On Trying To Draw Album Art
28toMake is a free, month long course from CreativeLive. The simple exercises are meant to work your creative muscles, by making something small in 20 minutes or so, every day in February. The first week’s exercises are all based on drawing. Yesterday’s involved trying to recreate your favourite album art. But, as I thought about […]
28toMake is a free, month long course from CreativeLive. The simple exercises are meant to work your creative muscles, by making something small in 20 minutes or so, every day in February.
The first week’s exercises are all based on drawing. Yesterday’s involved trying to recreate your favourite album art. But, as I thought about it, what came to mind was something I’d stumbled upon a few weeks back while tidying up the studio, some old art I had drawn back in grade 7.

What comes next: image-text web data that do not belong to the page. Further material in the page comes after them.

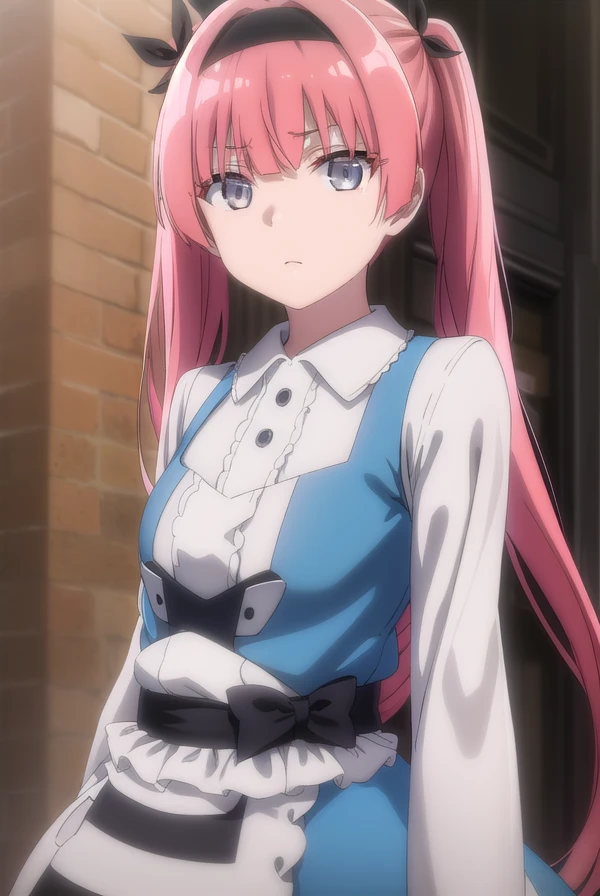 detectivealicia, <lora:detective alicia s1-lora-nochekaiser:1>,
alicia, bangs, long hair, twintails, very long hair, (grey eyes:1.3), pink hair, red hair, multicolored hair, hairband, gradient hair, black hairband,
BREAK long sleeves, dress, pantyhose, shoes, striped, black footwear, apron, blue dress, striped pantyhose,
BREAK outdoors,
BREAK looking at viewer, dynamic pose,
BREAK <lyco:GoodHands-beta2:1>, (masterpiece:1.2), best quality, high resolution, unity 8k wallpaper, (illustration:0.8), (beautiful detailed eyes:1.6), extremely detailed face, perfect lighting, extremely detailed CG, (perfect hands, perfect anatomy),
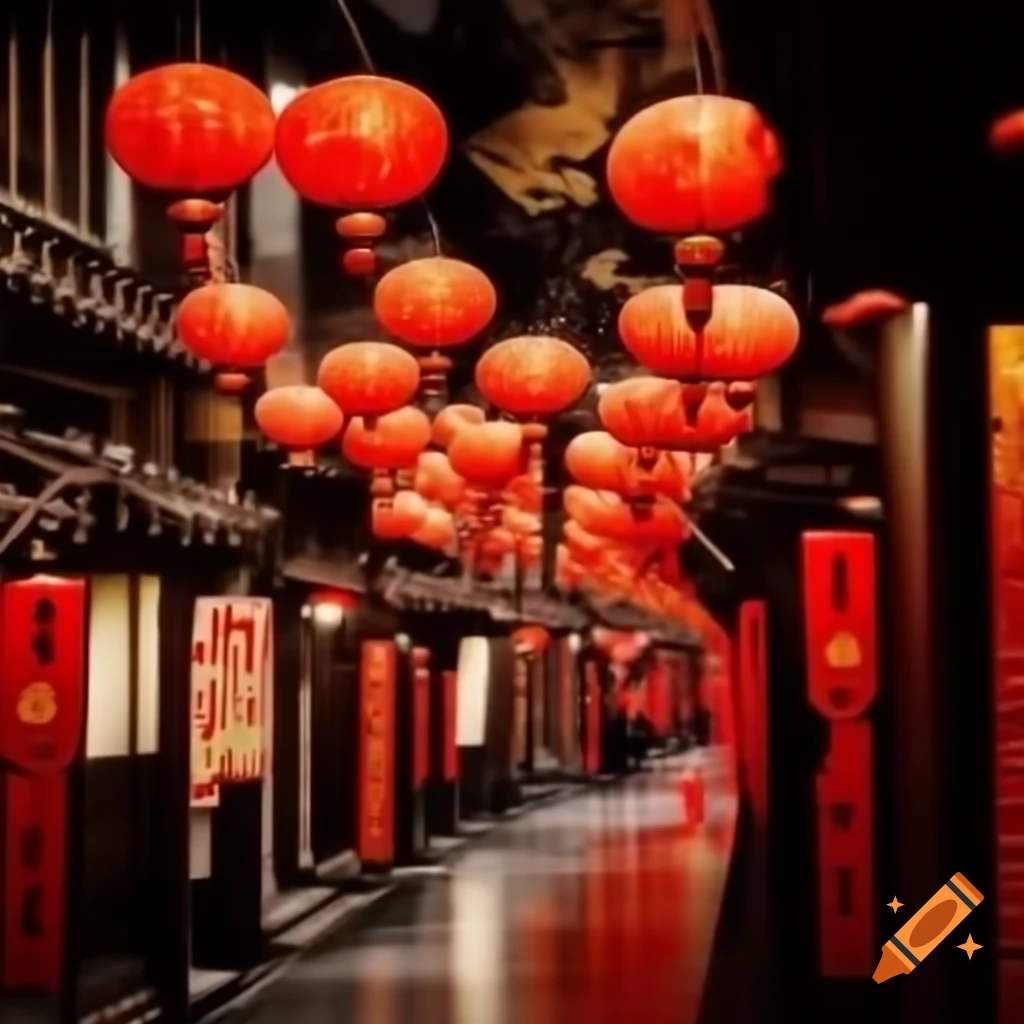 Chinese New Year celebration decorations and symbols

As a kid, I used to draw versions of album covers for audio cassettes. It wasn’t a job or anything. Just something to make the taped versions of my favourite albums look special. One in particular that caught my eye was a version of the cover for Billy Joel’s The Nylon Curtain.
Joel was never my favourite artist and this certainly wasn’t my favourite of his albums. But, something about the cover art, and the first track, Allentown, did resonate deeply with a younger me. I guess it was the harsh, Richard Ford style critique of working class suburbia, that made me think about my own context, about the kind of school I went to, the kind of neighbourhood I lived in and the kind of lives that were waiting for me and my friends.

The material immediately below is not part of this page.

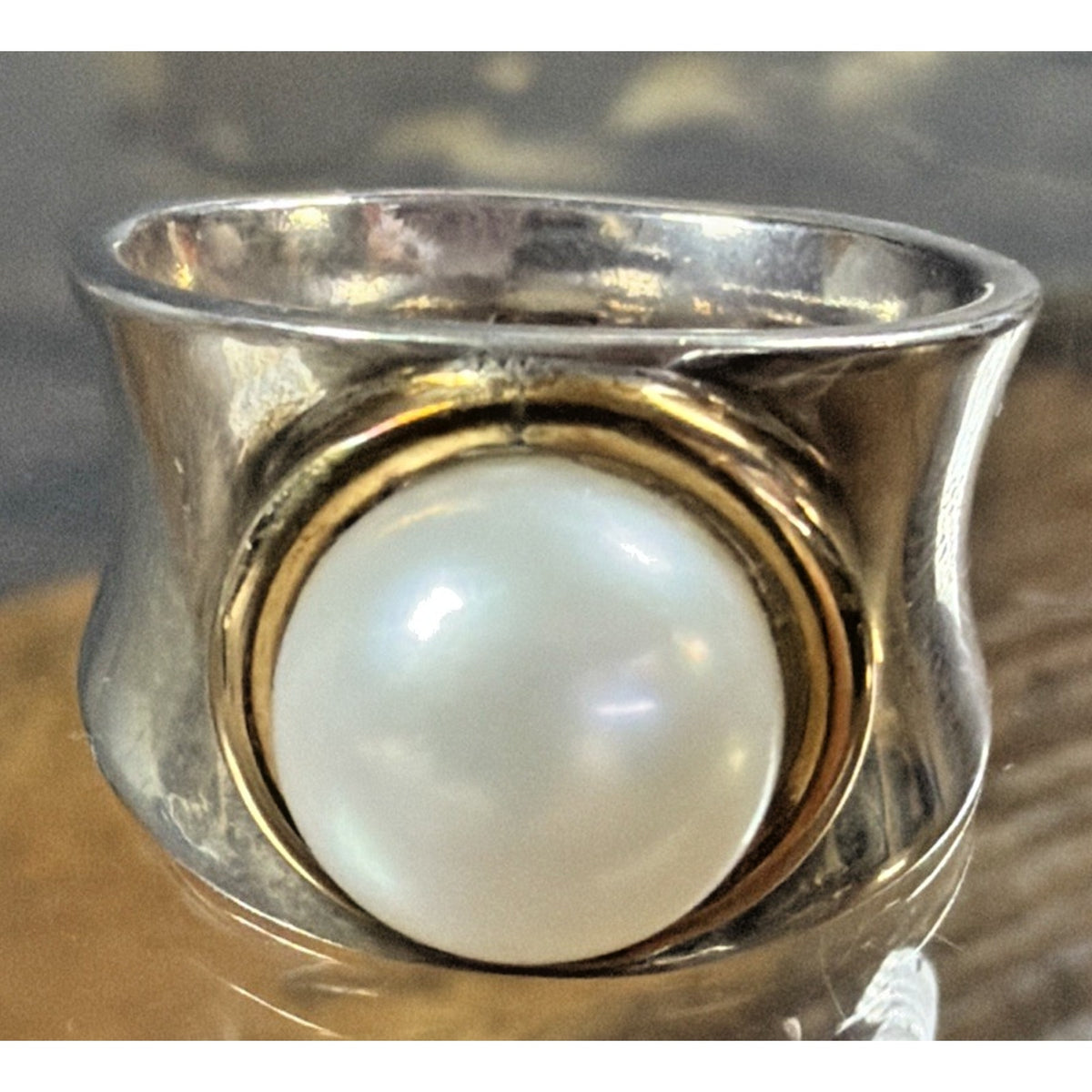 Italy Sterling Silver 18kt Gold Ring 9.5-10mm Pearl Wide Band Sz 7 Read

So, I did the exercise, not so much drawing the album cover itself, but drawing the version I had made for the audio cassette sleeve. It was fascinating to notice the details, the red edging to match the frame border on the original artwork, the ink hand lettering trying to capture the serif style of the album’s typography. I tried echo the colour graduation in the pencil shading, something I probably haven’t done since leaving school, as well as replicating the type with a Japanese ink brush, instead of a ball point pen.
Sometimes I get asked, is it possible to teach creativity? I think that’s the wrong question. We are all born creative. We learn to repress our creativity, to not trust it, to talk it down or hide it away. The real challenge isn’t learning how to be creative, it’s unlearning all the reasons we give ourselves for not being creative.
My drawings so far in 28toMake have a childlike quality about them. I also see that in many of the submissions on Instagram. Maybe childlike is the wrong term, for the same reasons amateurish might be the wrong term. It’s a judgement, based on ranking, progression and possibly, competition.
Looking back on the album art I drew in junior high school I like what I see. Some of it is pretty good. But, I drew it all for myself. I wasn’t trying to impress anyone. I wasn’t being graded or judged in any way. I was responding to things I loved, things that moved me, things that meant something at that time. And, I was making simple, uncomplicated, fearless choices to make something.